:: How to complete this task ::
Reproduce all the lines below exactly and omit the images.

:: Collected material ::
....................
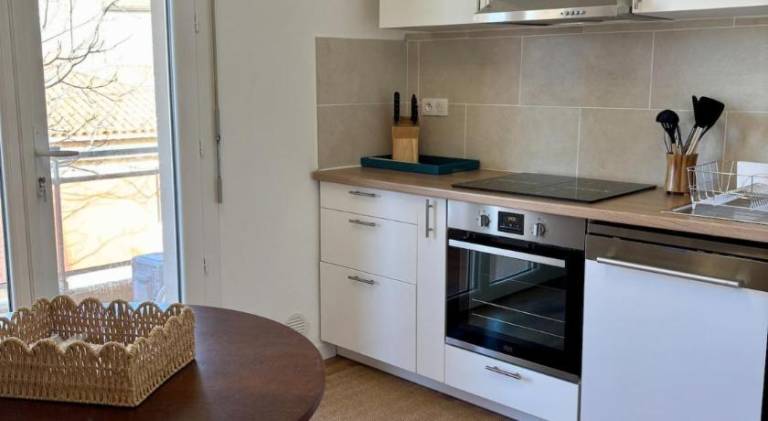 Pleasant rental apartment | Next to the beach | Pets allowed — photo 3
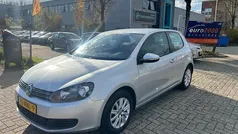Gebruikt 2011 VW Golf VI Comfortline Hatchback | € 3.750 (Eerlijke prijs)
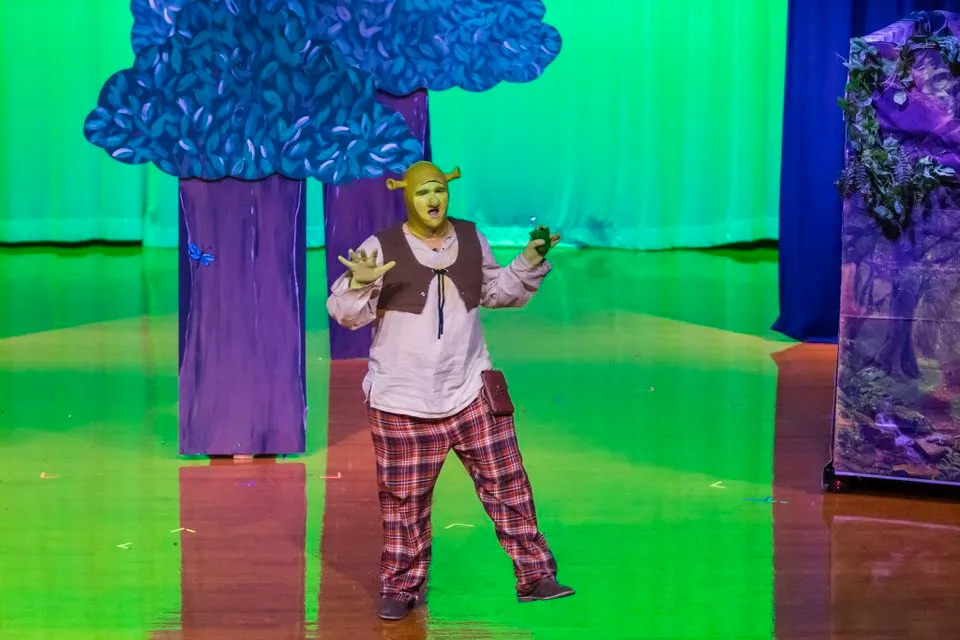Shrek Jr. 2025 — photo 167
....................
:: Response to this exercise ::
 Pleasant rental apartment | Next to the beach | Pets allowed — photo 3
Gebruikt 2011 VW Golf VI Comfortline Hatchback | € 3.750 (Eerlijke prijs)
Shrek Jr. 2025 — photo 167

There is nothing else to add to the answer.